Police entered Occupy Wall Street’s Zuccotti Park site, using zip-tie handcuffs, spraying fire extinguishers and evacuating the 100 or so occupiers present — because, police announced, the city had “determined that the continued occupation of Zuccotti Park poses an increasing health and fire safety hazard.”

In Philadelphia, occupiers are carefully monitoring City Hall for hints of a similar raid order from Mayor and 1979 Wharton graduate Michael Nutter.

Conflict over possible evacuation of Dilworth Plaza — the site of Occupy Philadelphia — for a city construction project has strained municipal relations with the protesters.

“We just got some news that they’re probably not going to raid tonight,” School of Social Policy & Practice assistant professor and Occupy participant Toorjo Ghose said. “But we have a vigil going on to make sure that the risk times — 2 a.m. to 4 a.m. — are covered.” Ghose said a few Penn students and faculty members were staying overnight at City Hall.

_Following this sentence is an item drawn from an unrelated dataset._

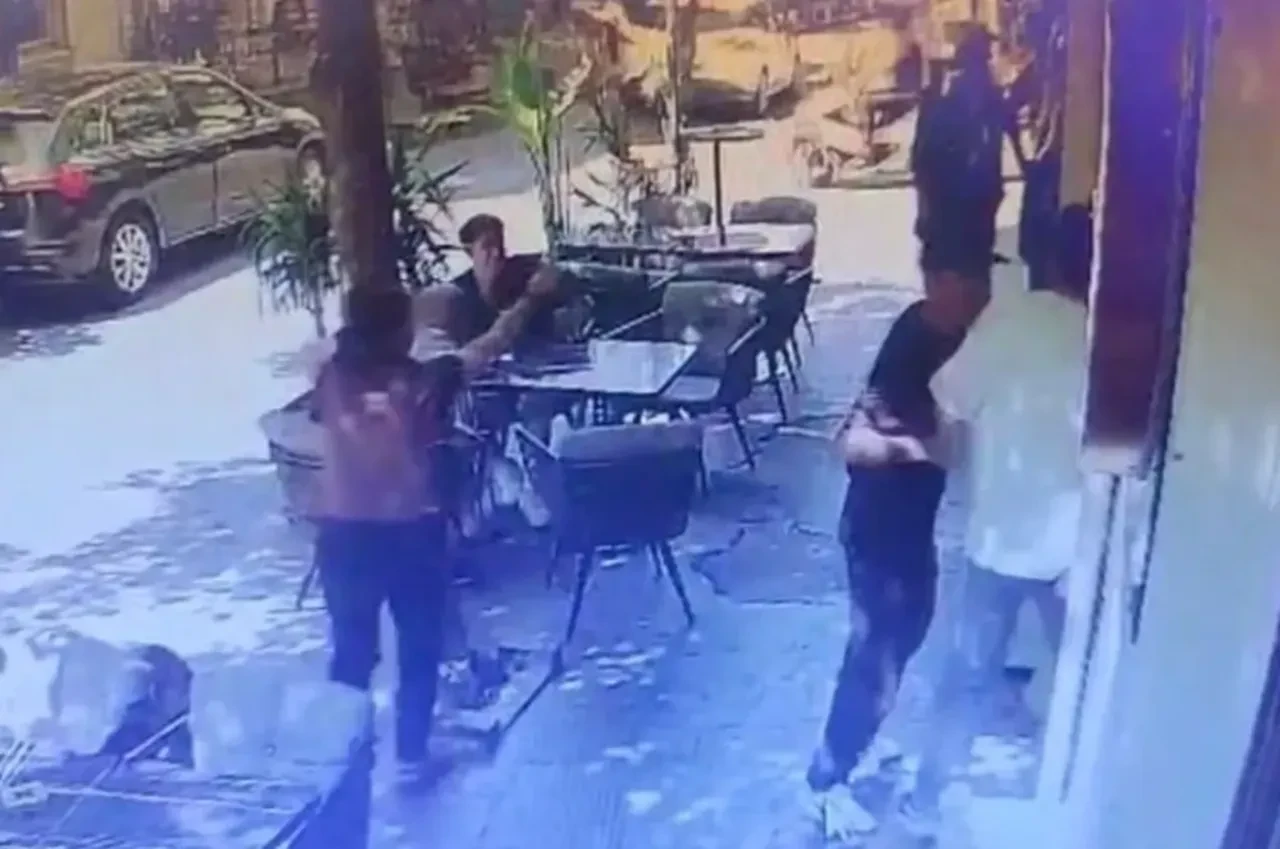 Unlu Oyuncu Ufuk Bayraktar Hakkinda Sok Iddia Koruma Parasi Istemis (1)-1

Stanley Joseph, an unemployed information technology professional active with Occupy Philadelphia’s information committee, met city officials with a group of occupiers Tuesday evening. “They said they’d give us adequate time” if a raid were to occur, Joseph said. “[The city’s] worked so hard to avoid an Oakland incident, I can’t see them rampaging through here [and messing all that up],” he added, referring to the coarse and violent relationship between the city and protesters at California’s Occupy Oakland.

While Joseph was optimistic about the city’s attitude towards Occupy Philadelphia, Ghose disagreed. “We suspect there was a coordinated push” by mayors across the country “to demonize the movement,” he said.

While Occupy Philadelphia struggles with its logistical future, curiosity and interest in the movement seems strong inside Penn’s campus. OccupyPenn, which hosts general assembly meetings and teach-ins outside Van Pelt Library every Wednesday and Friday, has more than 100 people on its email listserv.

The Wharton Politics and Business Association also hosted a well-attended panel event Tuesday night. Three Wharton professors, an Urban Studies professor and media spokesperson for Occupy Wall Street William Buster discussed the role of the Penn community in social movements and examined the root causes of the Occupy movement.

At the panel, Buster both evoked and addressed the big problem critics have with the Occupy movement: its lack of cohesive leadership and clear demands. “We’re weeding out the real workers from the ‘hanger-ons’” at Occupy Wall Street, Buster said. “What we need are real workers … and not [people who] just sit in tents and strum banjos and smoke what they’re smoking.”

But when he was pushed to answer how a movement could both be “all-inclusive” and still discriminate between real occupiers and ‘hanger-ons,’ he replied with a hypothetical. A building could be on fire, he said, and some would ignore it because it isn’t on an agenda. “I’m a doer, not a talker. It’s for the good of the movement.”

Ghose framed the protest’s vagueness as a core strength. “Every movement faces questions of legitimacy — who is a legitimate part of this movement and who is not,” he said. But, he continued, “this is a natural part of the movement.” Opposition to the Occupy movement would love to see differences tear the movement apart, but “just because there are differences doesn’t mean a movement has a rift,” Ghose emphasized.

“I’m looking forward to see how we’re [going to] make larger goals of [Occupy] applicable to local issues,” Ghose added. “We are now in the phase of Occupy Next.”

This article has been updated to correct the name of the Wharton Politics and Business Association.